A CLIMATE FOR KILLING. Black Crow Productions / Propaganda Films, 1991. John Beck, Katharine Ross, Steven Bauer, Mia Sara, Phil Brock. Written and directed by J. S. Cardone.

   I led a sheltered life through the 1990s. Before watching this movie, at the heart of which is a better-than-average murder mystery, I’d heard of only one of the members of the cast. Check the listing above, and you can probably tell which one that was. But between them all, they probably appeared in well over a hundred movies, many of them like this one, most of them without a lot of pretensions and with budgets, shall we say, on the skimpy side.

   The story. Found in the desert in Yuma County, Arizona, is the body of decapitated woman. Her hands have been removed as well, making it difficult if not impossible to identify her. Luckily Grace Hines, the local coroner (played by Katharine Ross), recognizes the birthmark on her thigh. Unluckily she can tell no one but Paul McCraw of the sheriff’s office (John Beck) since she saw the mark while performing an illegal abortion on the woman many years before.

   Which gets us to the core of the matter. Now the problem is the fact that the woman was presumed dead 15 years before. She was presumed murdered by her much older husband, who committed suicide later the same week in a fit of remorse. Written out like this, I think you may be able to put two and two together and get close to four faster than the investigators on the case manage to do, but it’s still an interesting challenge.

   Filling out the running time, though, is a subplot that arises when a young investigator (Steven Bauer) arrives at sheriff’s office tasked by a government office in Phoenix to “modernize” their operations there. Problem is that he’s a “by the books” kind of guy, and McCraw likes to work on “instinct.” Matters get even more complicated when the new guy starts taking out McCraw’s daughter.
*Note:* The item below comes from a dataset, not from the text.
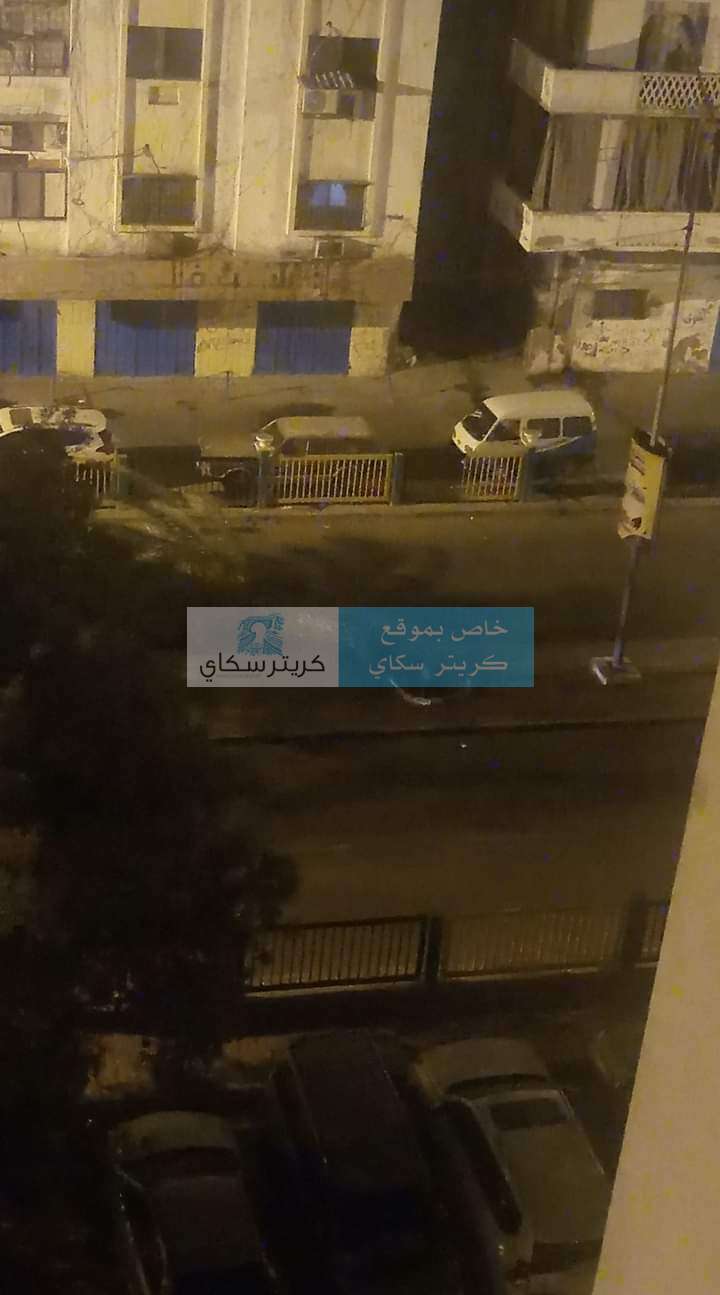 يحدث الان.. رياح شديدة تضرب عدن(صورة)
   This part of the story is filler at best, but it does add another dimension to it. I watched the movie last week, but I recorded it from Cinemax on a VHS tape some 25 years ago. It has the ambience and basic ingredients of a made-for-TV movie, but it turns out it was not, as evidenced by a topless dancer in a local bar in one scene, and one rather graphic sex scene toward the end of the movie. Both gratuitous? Yes, of course they are.